Um telegrama conta que dois rapazes ingleses descobriram, ao norte da cidade de Cusco, no Peru, uma outra cidade inca, cercada de muros de pedra de trinta metros de altura. Está visto que ainda é cedo para saber da importância dessa descoberta, e mesmo se é, de fato, uma descoberta.

Que a coisa é possível, é. Basta pensar que foi apenas em 1912 que uma expedição norte-americana, chefiada por Hiram Bingham, avistou, pela primeira vez, as ruínas imponentes de Machu Picchu, uma das paisagens mais estranhas e soberbas do mundo, para imaginar que em nossa América do Sul ainda há muitos mistérios a elucidar. O que não há, pelo menos no Brasil, é gente curiosa e capaz.

Confesso, sem pudor, que só depois de uma visita que fiz por acaso a Lima e a seu museu é que pude fazer uma ideia da arte desses antigos povos sul-americanos, vendo cerâmica e tecidos do mais alto nível artístico e de uma incrível, estonteante variedade. Certamente já vira fotografias em preto e branco e a cores em álbuns e livros; mas só na presença dessas coisas de beleza é que me emocionei de verdade. Vivemos voltados para o Atlântico e para a Europa; mesmo em nossas escolas superiores, onde se forma uma geração estudiosa e séria, não tenho notícia de moços que se disponham a estudar essas civilizações e sua arte. Sabemos muito mais sobre os assírios e os babilônios...

Ora, é dos Andes que escorrem as águas de nossas duas grandes bacias hidrográficas. Já não há dúvida também de que para o Amazonas escorreram, ao longo dessas águas, alguns povos, talvez fugindo ao domínio dos incas; também parece certo que os guaranis do sul, não se sabe por que motivo, transpuseram a Cordilheira e foram lutar contra povos do Pacífico. De qualquer modo seria impossível tentar um estudo sério de nossa história pré-cabraliana sem estudar os documentos da vida desses irmãos do oeste.

Às vezes, algum piroquete inventa a história de cidades fantásticas na selva amazônica — onde não há sequer uma pedra para construir — mas mesmo as escavações de Marajó e Santarém são poucas e precárias.

Outro dia foi anunciado que o governo concedeu câmbio de algumas centenas de milhares de dólares para importação de... um quadro, por um museu paulista. Com esse dinheiro, quantas obras de arte pré-colombianas altamente preciosas não seria possível descobrir?

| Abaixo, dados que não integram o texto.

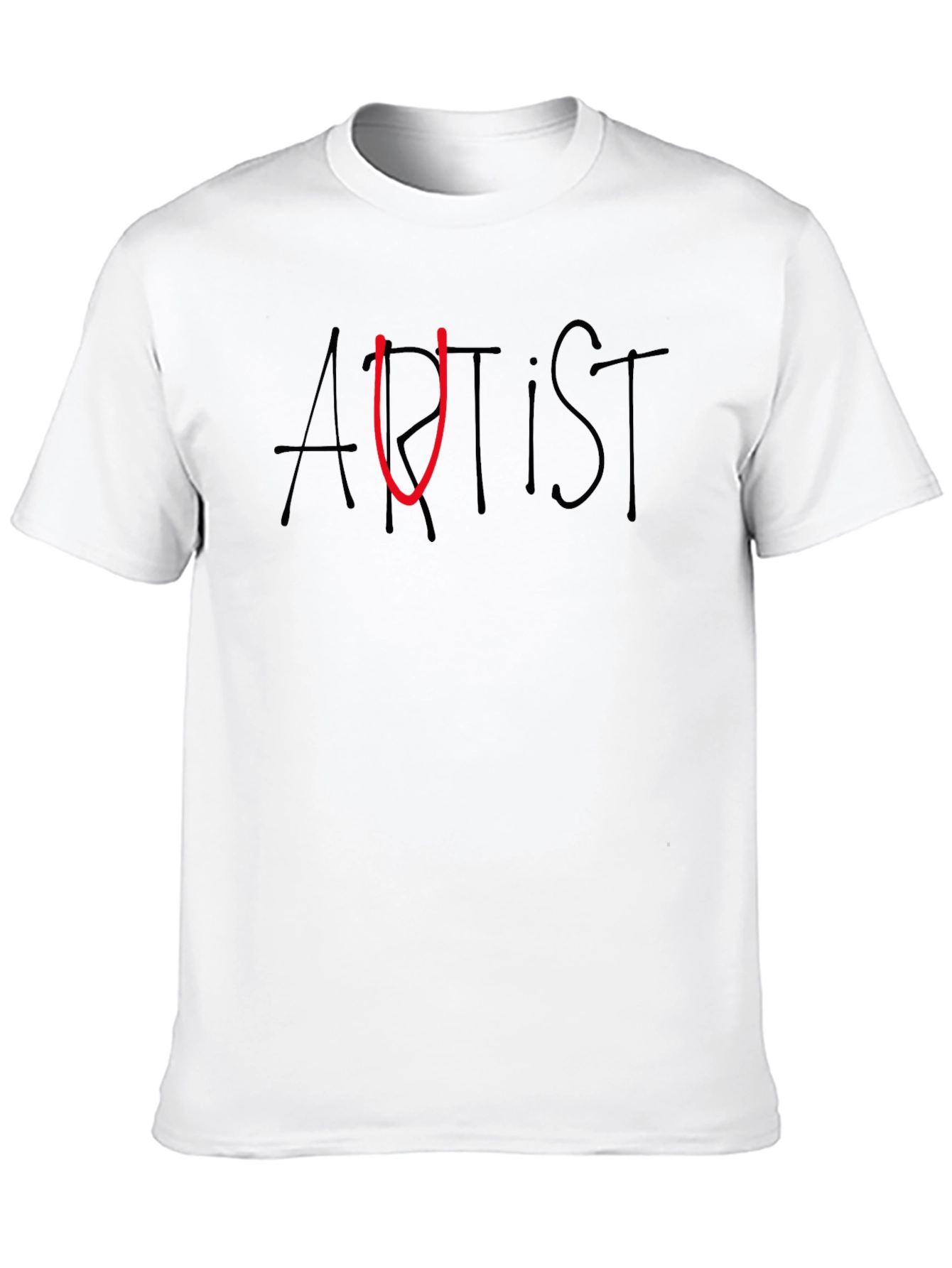 Artist Graphic T-Shirt - Black Casual Tee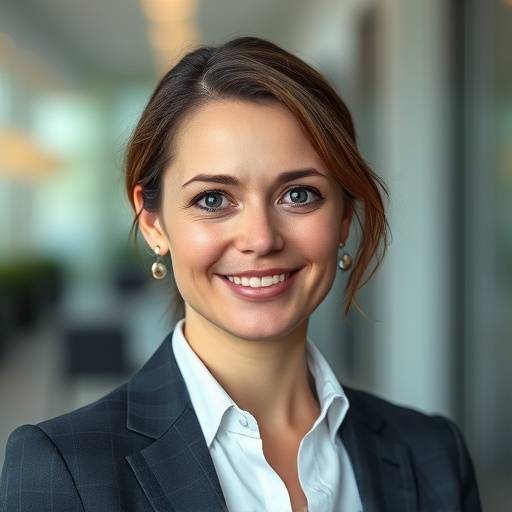 Porträt von Dr. Anna Meier, Gründerin und CEO von E-Learning Schwiiz.
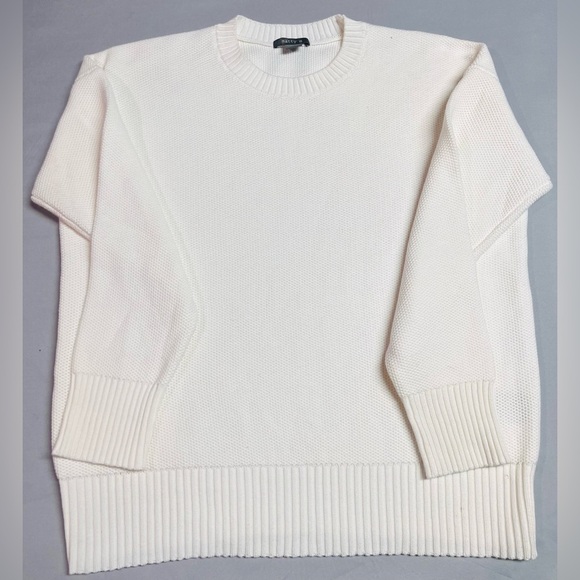 Matty M Cream Crewneck Knit Sweater Size Large NWOT - Picture 2 of 5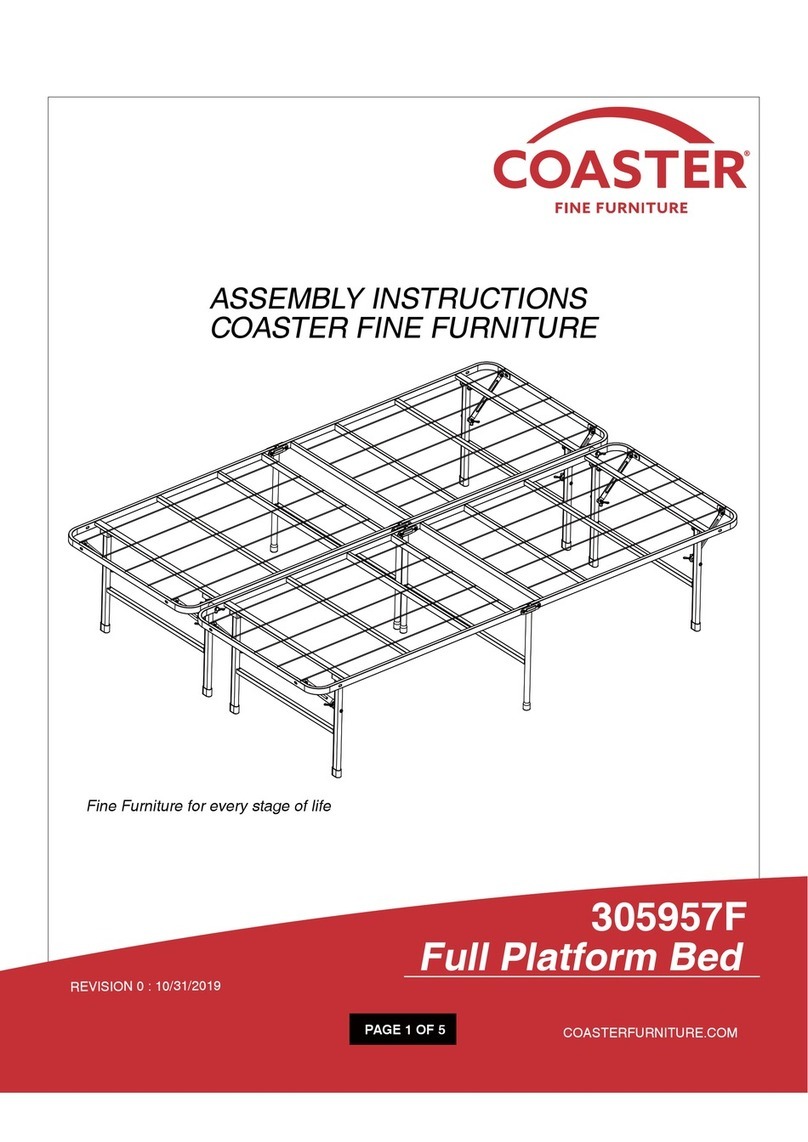Coaster 305957F User manual Coaster 305957F User manual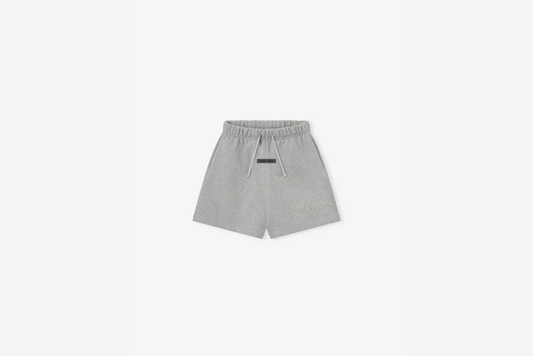 Fear of God Essentials "Fleece Soccer Short" K - Concrete Heather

Esse interesse pela terra, tão belo e proveitoso em um Roquete Pinto e outros homens de sua geração — não existe mais nos moços? Eu gastaria 100 dólares com uma boa cópia de uma obra de arte europeia e destinaria as outras centenas de milhares à descoberta de obras de arte autênticas dos antigos moradores do Brasil e da América do Sul. A aventura desses dois rapazes ingleses deveria inquietar e inspirar os nossos moços.